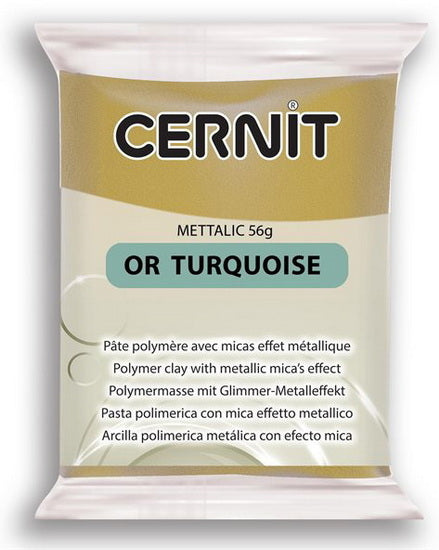 Pâte à modeler polymère - métallique - or turquoise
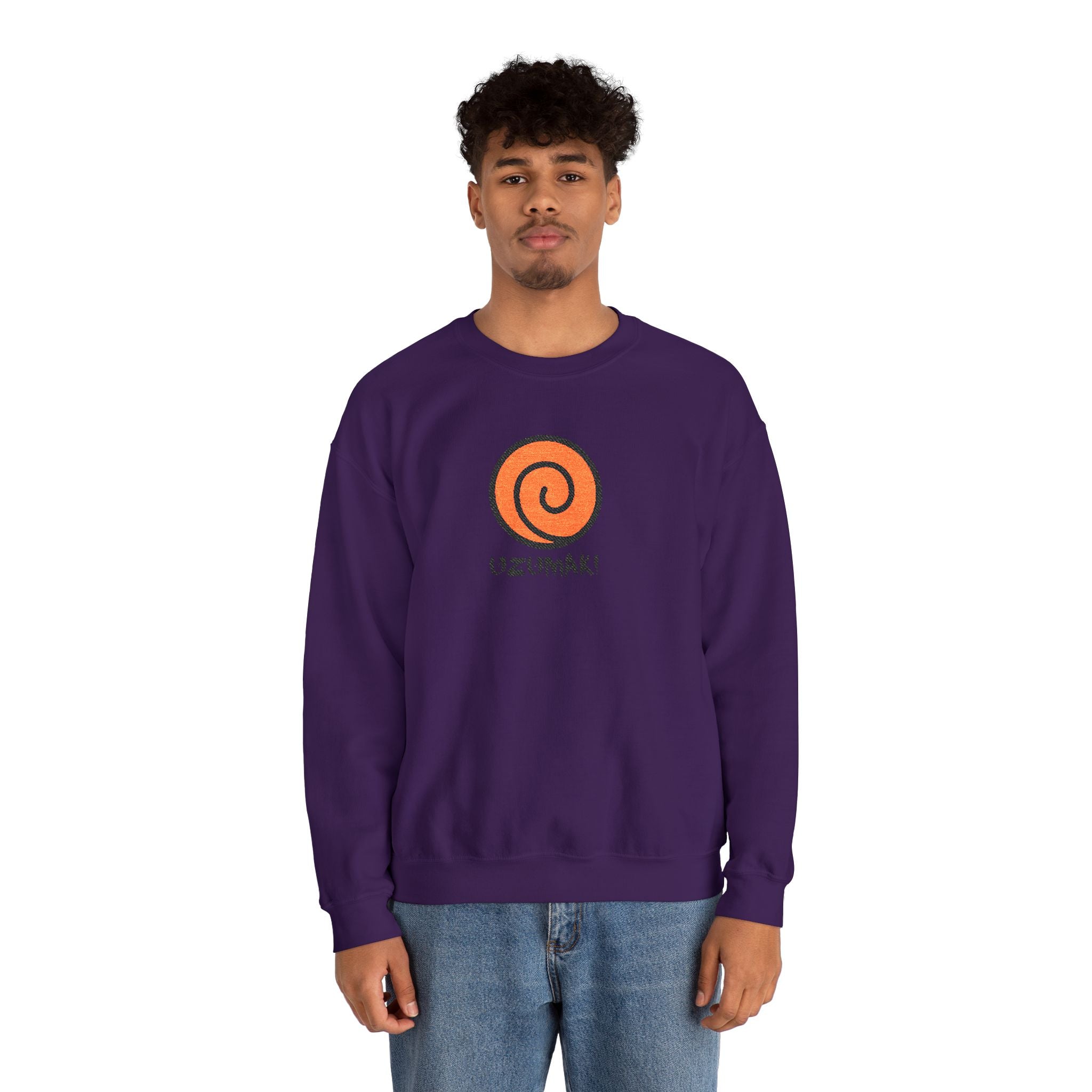 Uzumaki Spiral Crewneck Sweatshirt - Cute Anime-Inspired Logo Crew
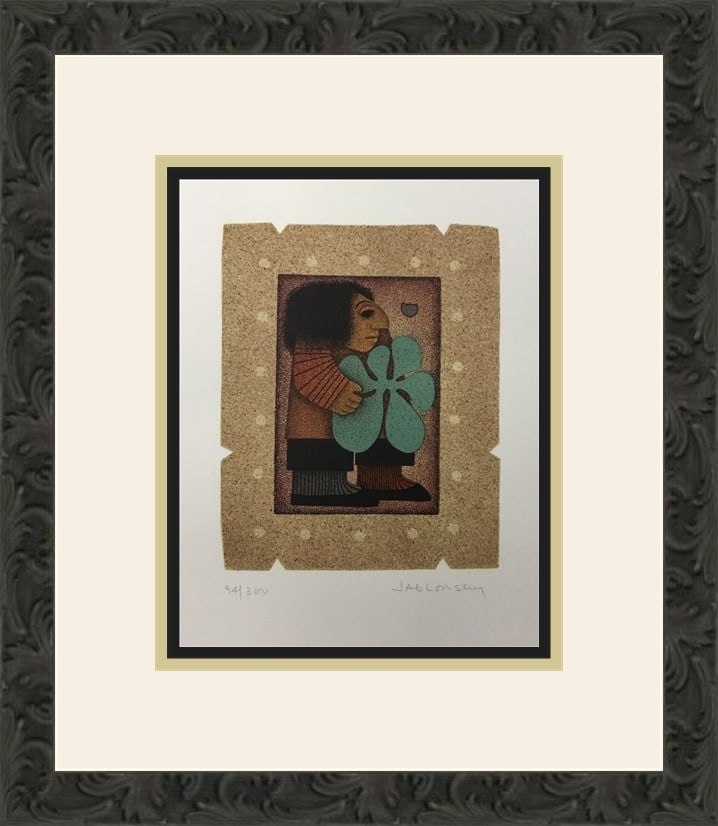 Carol Jablonsky Signed Limited Edition Lithograph Clover Framed 13 x 15: Carol Jablonsky Signed Limited Edition Lithograph Clover Framed 13 x 15 This exquisite lithograph titled "Clover" by artist Carol Jablonsky is a limited edition piece, signed by the artist herself. It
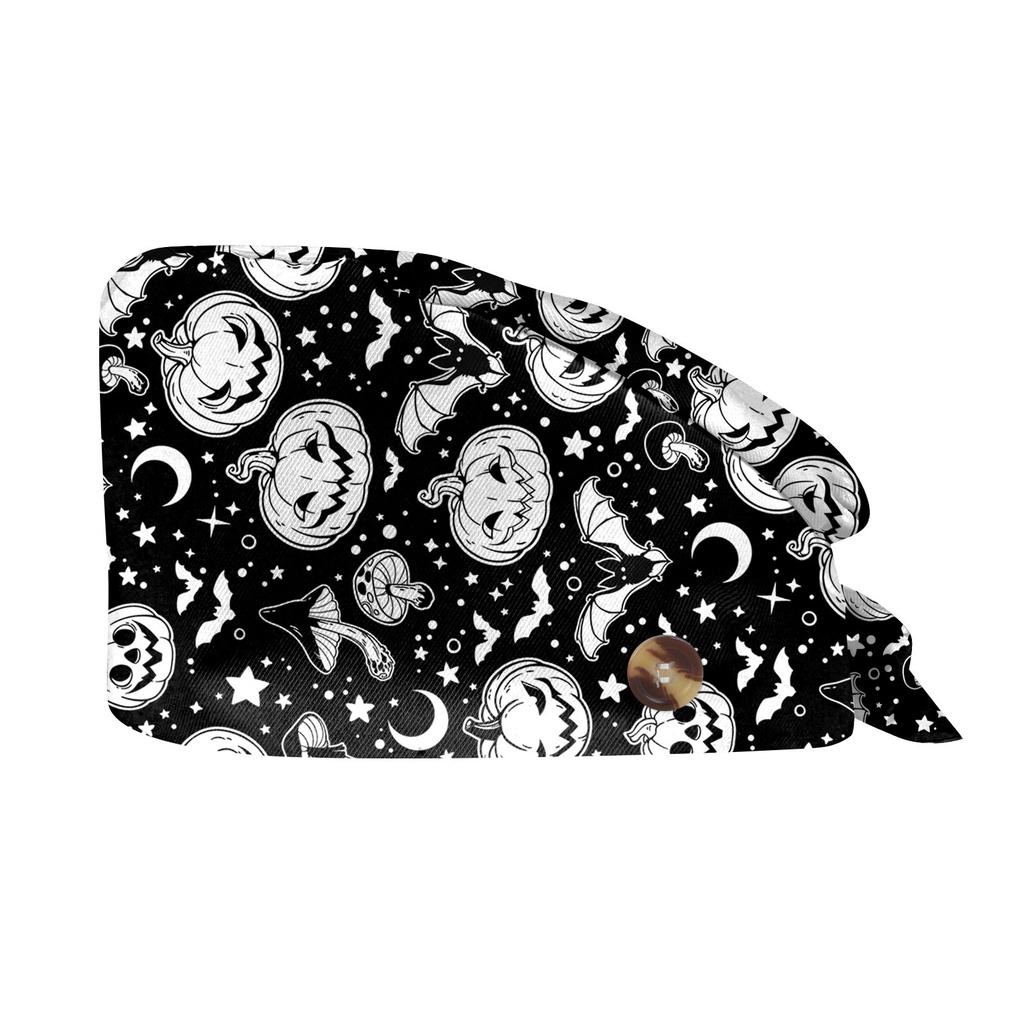 Хэллоуин Тыква Череп Принт Шапки Регулируемая Лабораторная Больничная Рабочая Шапка для Женщин Мужчин Шапочка Скраб Медсестра Медицинские Шапочки Скраб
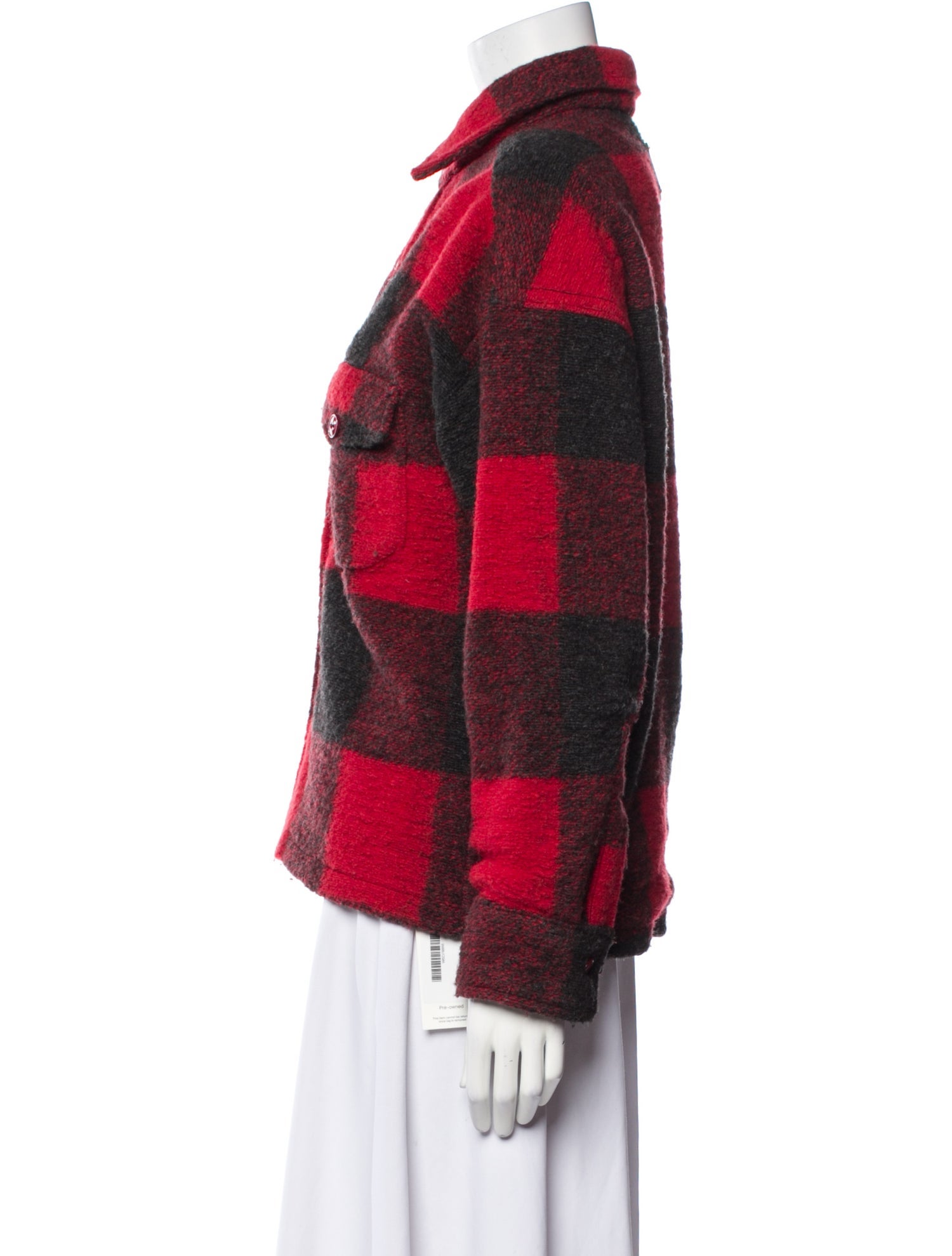 Anine Bing Wool Plaid Print Jacket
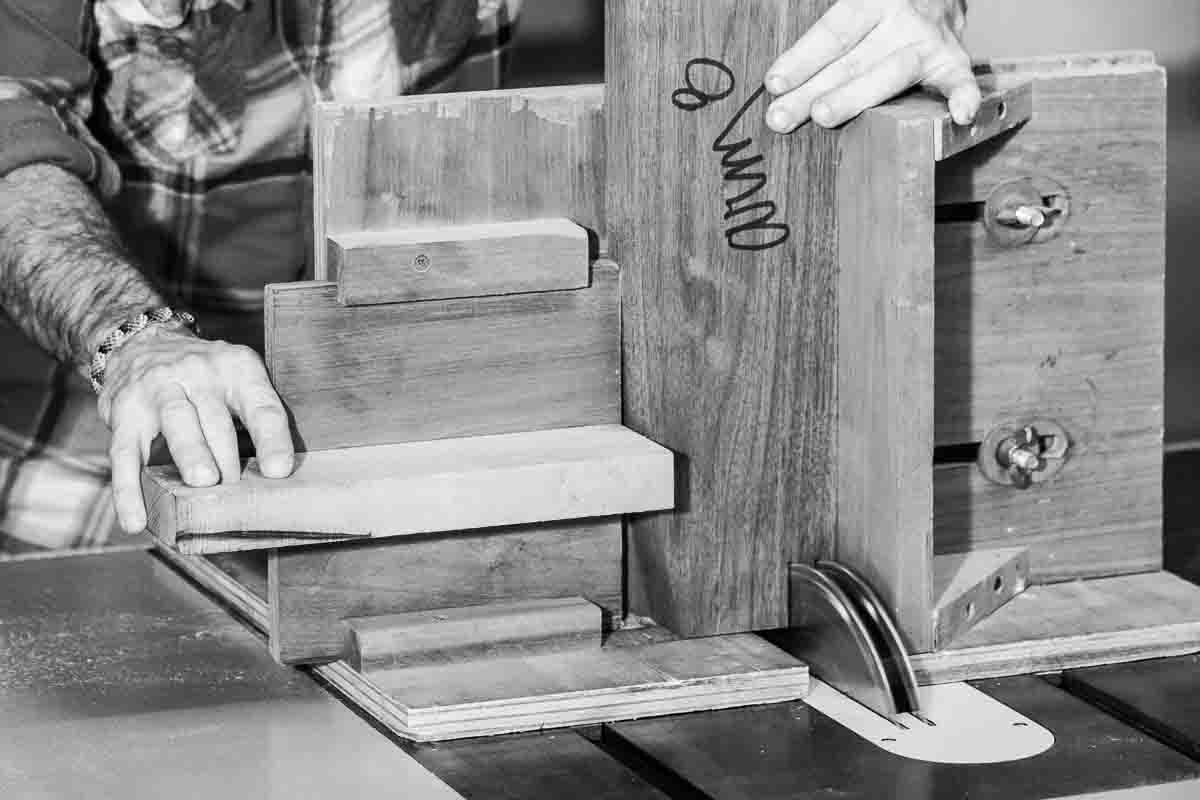 cutting rocking chair arm tenon on the table saw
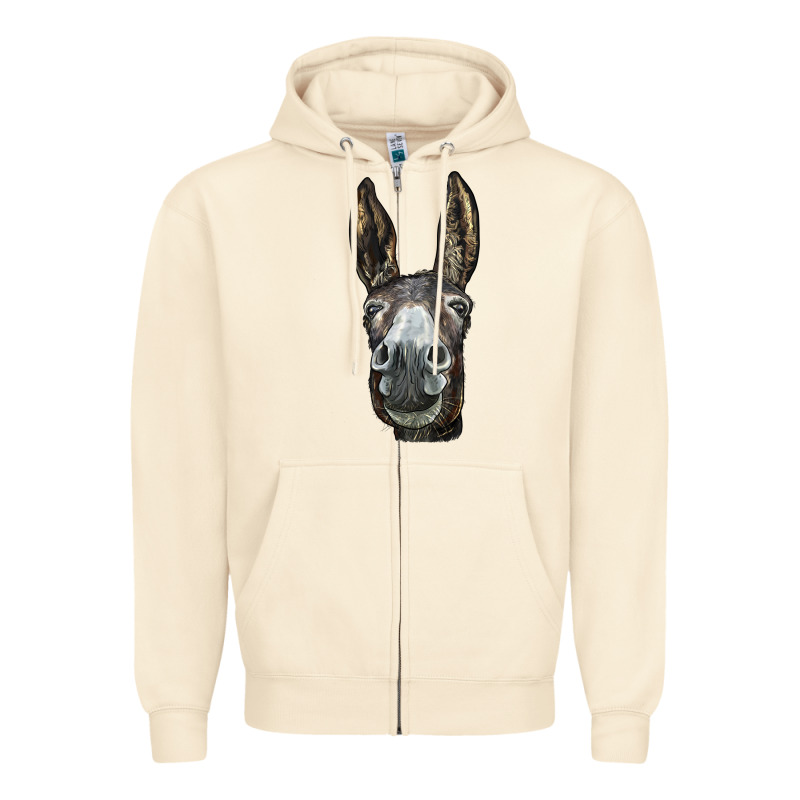 Donkey  Face Zipper Hoodie by LillyAllenDesigns | Teevron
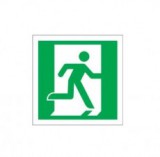 munkavédelmi tábla pvc 200x200 vészkijárat jobb piktogram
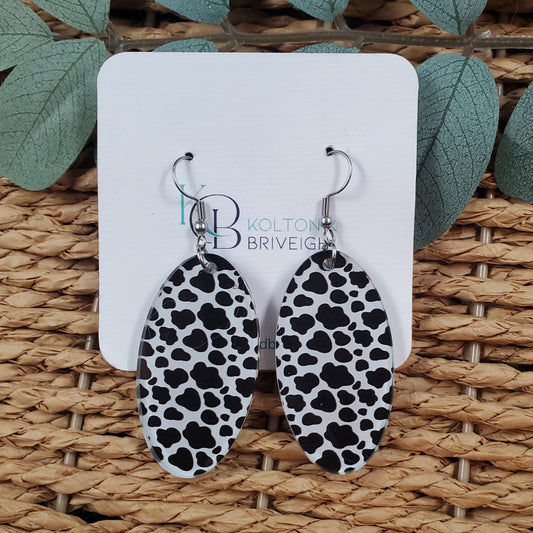 Cow Print Earrings Oval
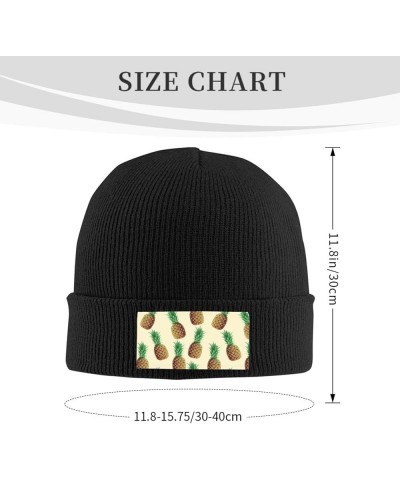 Pineapples Print Knitted Hat Gift Unisex Winter Warm Hat, Outdoor Or Daily Wear,Adults & Kids Hat Black $12.20 Skullies & Bea...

WHAT NEEDS TO BE DONE
Nothing but the pictures should be left out when the listing above is transcribed.

WRITTEN REPLY
 Pâte à modeler polymère - métallique - or turquoise
 Uzumaki Spiral Crewneck Sweatshirt - Cute Anime-Inspired Logo Crew
 Carol Jablonsky Signed Limited Edition Lithograph Clover Framed 13 x 15: Carol Jablonsky Signed Limited Edition Lithograph Clover Framed 13 x 15 This exquisite lithograph titled "Clover" by artist Carol Jablonsky is a limited edition piece, signed by the artist herself. It
 Хэллоуин Тыква Череп Принт Шапки Регулируемая Лабораторная Больничная Рабочая Шапка для Женщин Мужчин Шапочка Скраб Медсестра Медицинские Шапочки Скраб
 Anine Bing Wool Plaid Print Jacket
 cutting rocking chair arm tenon on the table saw
 Donkey  Face Zipper Hoodie by LillyAllenDesigns | Teevron
 munkavédelmi tábla pvc 200x200 vészkijárat jobb piktogram
 Cow Print Earrings Oval
 Pineapples Print Knitted Hat Gift Unisex Winter Warm Hat, Outdoor Or Daily Wear,Adults & Kids Hat Black $12.20 Skullies & Bea...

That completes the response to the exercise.